I hope this explains why the static linked MLton lists more symbols than the
dynamic one. The dynamic one only listed the symbols unresolved by it at
link time whereas the static one recursively pulls in what it needs from the
library and pastes them in.
Incidentally, dynamic linking is nearly always the preferred behaviour on a
linux machine. In fact, if MLton is statically linked to libgmp on debian,
that is a bug. The only situation static linking on debian is preferred is
when the API of a library breaks compatability every release and/or the
library maintainer has been shown incompetent to maintain the library's
soname. Neither is true for libgmp. Sometimes it is a small bit faster
to statically link than dynamically, but this is rarely a deciding factor.
The reasons for dynamic linking include:
1. bugs fixed in the library need not require a rebuild of every dependent
application (this was a real problem for debian with libz security bugs)

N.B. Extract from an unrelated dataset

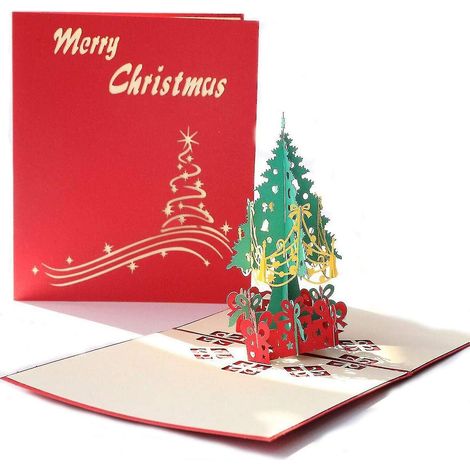 Cartes de Noël 3D, cartes de Noël pop-up, cartes de vœux de Noël avec enveloppes, meilleures cartes de vœux. (1/4)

2. it is possible to use a different, compatible library to satisfy the link
3. the memory footprint of the combined system is reduced from sharing
(Btw, because of what I just explained you can get observably different
behaviour depending on if a library is statically linked or dynamically. The
most obvious example is a global variable with a constructor. In the static
case, this object will not be included if not referenced, and therefore the
constructor won't run. In the dynamic case, the whole library is loaded
regardless of what you actually use, and the constructor is run.)